Blau’s exhibit features 27 photos, some more than 3 feet high and nearly 6 feet long, but there is no musical accompaniment. Instead, visitors take in the images in relative quiet, much like they would with other exhibits in the 32,000-square-foot museum.
That’s not to say polka music is absent from the colorful exhibit.
When the photo gallery debuted, more than 650 people filled the museum, many of them dancing to The Squeezettes, a Milwaukee band named polka artist of the year in 2012 and 2013 by the Wisconsin Area Music Industry and featured in Blau’s photos. This Thursday, Rick March will give a presentation on polka styles and play his accordion. On March 14, the Brewhaus Polka Kings will play at the museum for what is being dubbed “Polka Saturday.”
“It’s going to be a flat-out polka dance,” said Graeme Reid, the museum’s director of collections and exhibitions. “It is very much a part of Wisconsin’s intrinsic culture.”
Museum founded in 1961
The Museum of Wisconsin Art was founded in 1961 when it was known as the West Bend Gallery of Fine Art. The museum was established by the Pick family to collect and exhibit the work of a relative, Carl von Marr, who was born in Milwaukee in 1858 but was trained in Munich, Germany.

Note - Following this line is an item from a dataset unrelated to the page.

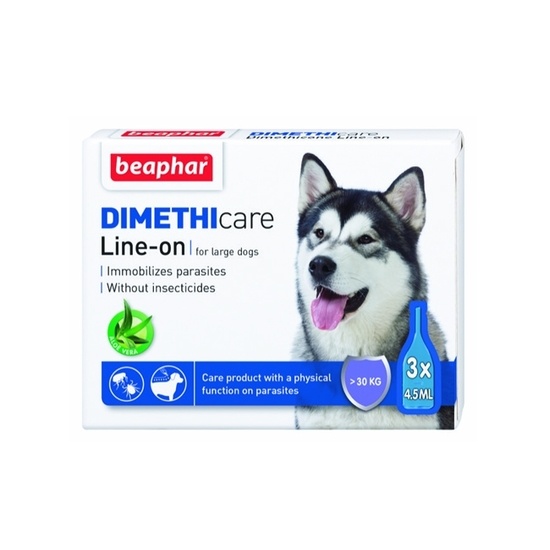 Beaphar Fästingmedel Dimethicare Line-on >30 kg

His work includes The Flagellants, a 14-foot-high, 23-foot-wide painting of zombie-like religious zealots from the Middle Ages in Europe who sought atonement for their sins by vigorously whipping themselves in public displays of penance. The piece is believed to be the largest framed painting in the state and one of the largest in the country.
For much of the museum’s history, it was located in a 20,000-square-foot space in what had been the corporate headquarters for West Bend Insurance. In 2007, the museum changed its name to the Museum of Wisconsin Art and announced plans to build a new facility. Fundraising began in 2008 as the economy began to tank but in 2012, ground was broken on property that had been home to an outlet mall. The museum opened in April 2013 and last year had 35,000 visitors compared to 2,900 the last full year in the previous museum building.
“It’s had phenomenal growth,” said Laurie Winters, MOWA CEO and executive director. “It’s a platform for Wisconsin artists.”
When I visited last week, I not only took in the work of von Marr but of painter John Steuart Curry, who in 1936 was appointed as the first artist in residence at the Agricultural College at UW-Madison. Curry traveled the state where he promoted art and painted rural scenes from the era. There also was work from the Cedarburg Artists Guild and in the atrium, sculptures of canoes by Truman Lowe, a Ho-Chunk from Black River Falls.
Blau’s polka photos are in contrast to the rest of the museum’s artwork but just as vital.
Blau’s and March’s travels took them to Turner Hall in Monroe, Martin’s Tap in New Berlin and Amerahn’s Ballroom in Kewaskum. There were stops at Pulaski Polka Days, the Laak Ballroom in Johnsonville and to the now-defunct Las Vegas Latin Club in Oregon, south of Madison.
That’s where the band, the Mazizo Allstarz, came decked out in sharkskin suits and used electronics and a brass section but had no accordion. A mirrored ball, fog machine, laser lights and well-dressed dancers added to the ambiance of the club, located in a former indoor athletic facility.
Blau’s photos captured it all, even though his shots were taken while seated at a table because he didn’t want to intrude.
“It was quite an exotic experience,” Blau said. “It’s different stylistically and represents something most people haven’t seen. I think people in Wisconsin aren’t really aware of how large and vital the Latino population has become.”
When Blau created his first book on polka, “Polka Happiness,” he shot in Buffalo, New York, and it primarily consisted of Polish polka bands. It also was 1992 and he was limited to a film camera with flash to make small black-and-white images.
“Polka Heartland” is shot in color, using natural light and with a digital camera that allowed for much larger images.
“It actually changes the relation of the viewers to the images because it allows them entrance into them, and that’s not possible when you have smaller pictures,” Blau said. “It makes them want to dance.”